The Church reads the Lazarus story during Lent not merely to encourage catechumens awaiting Baptism at Easter. For the liturgy stresses that Lent is a time for all Jesus' disciples to renew the baptismal commitment they made or their parents and godparents made for them.
The Preface of this Fifth Sunday of Lent summarizes the issues at play in Lazarus' restoration to life: “As a man like us, Jesus wept for Lazarus his friend. As the eternal God, he raised Jesus from the dead. Christ gives us the sacraments to lift us up to everlasting life”.
The commitment to live Jesus' risen life, which catechumens make at the Easter Vigil, is challenged by the difficulties people face along life's journey. Often, the supreme test comes when someone encounters the mystery of human mortality, their own imminent death or that of a loved one.
Martha's statement to Jesus expressed the human struggle with her brother's death, that seemed premature, even absurd. Why did God allow it and why, she asked, did Jesus not intervene to prevent it: “Lord, if you had been here, my brother would not have died”.
Jesus was affected by the death of his friend Lazarus. Powerful, emotional expressions describe the inner turmoil Jesus felt in anticipating His coming death (“Jesus began to weep... Jesus, again greatly disturbed, came to the tomb”).
Death offers opportunities for deepening one's faith in God. And Jesus' gratitude showed the way, “Father, I thank you for having heard me”.
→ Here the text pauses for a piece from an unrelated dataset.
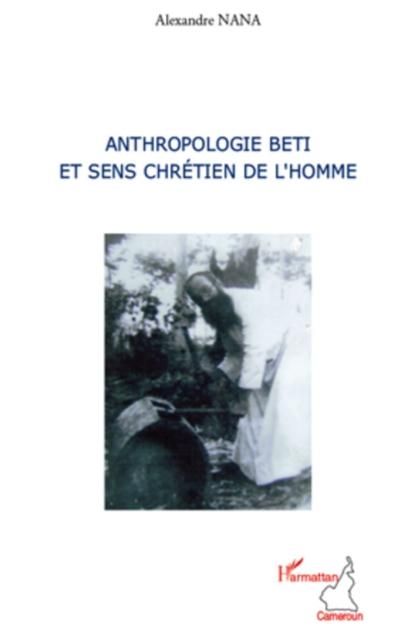 Produktbild: Anthropologie beti et sens chretien de l'homme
Martha expressed faith in Jesus, but flinched when Jesus ordered the opening of Lazarus' tomb. Her faith needed to press on, beyond the death of her brother, to accept Jesus' teaching, “I am the Resurrection and the Life”.
Jesus brought Lazarus back to earthly existence. But his purpose was greater—to offer humanity an eternal life that death cannot touch. Because they believe, Christ's followers never fully die: “Those who believe in me, even though they die, will live”. Jesus' challenge to Martha is put before everyone, “Do you believe this?”
The life to which Lazarus was raised was a natural one and good. Jesus wanted it to represent eternal life, which only God possesses. And Jesus, as God's only Son, makes that life possible for believing disciples who, like Martha, share her faith.
Ezekiel's vision of the Valley of Dry Bones is his best-known passage (37.1-11). God pledged to cover skeletons with sinews, flesh and skin, giving each individual the breath of life. The interpretation of the vision (37.12-14) applied it to the House of Israel in its despair and lack of hope.
The Church sees in Ezekiel's vision anticipations of both Jesus' resurrection and the general resurrection at the end of time. It is appropriate as a commentary on the raising of Lazarus only to a limited degree. For Lazarus' restoration to life—a “resuscitation” rather than a resurrection, since he died again—points to Jesus' coming, definitive resurrection.
Paul tells how death and life are intermingled in Christian life (“though the body is dead because of sin, the Spirit is life because of righteousness”). Still, the predominant emphasis he gives is that God's Spirit offers the Christian a foretaste of eternal life here and now.
With a series of formulas—Christians are “in the Spirit”; “the Spirit of God dwells in you”; disciples “have the Spirit of Christ”, (Romans 8.9); “Christ dwells in you” (8.10); “the Spirit of God ... dwells in you” (8.11)—Paul tries to describe the symbiotic relationship between the risen Christ and the Christian who will be raised from the dead.
True, Christians will die from the consequences of sin at work in their lives. But this is not God's final word. In the end, God intends to share Christ's triumph with his disciples: “God who raised Christ from the dead will give life to your mortal bodies also through his Spirit that dwells in you”.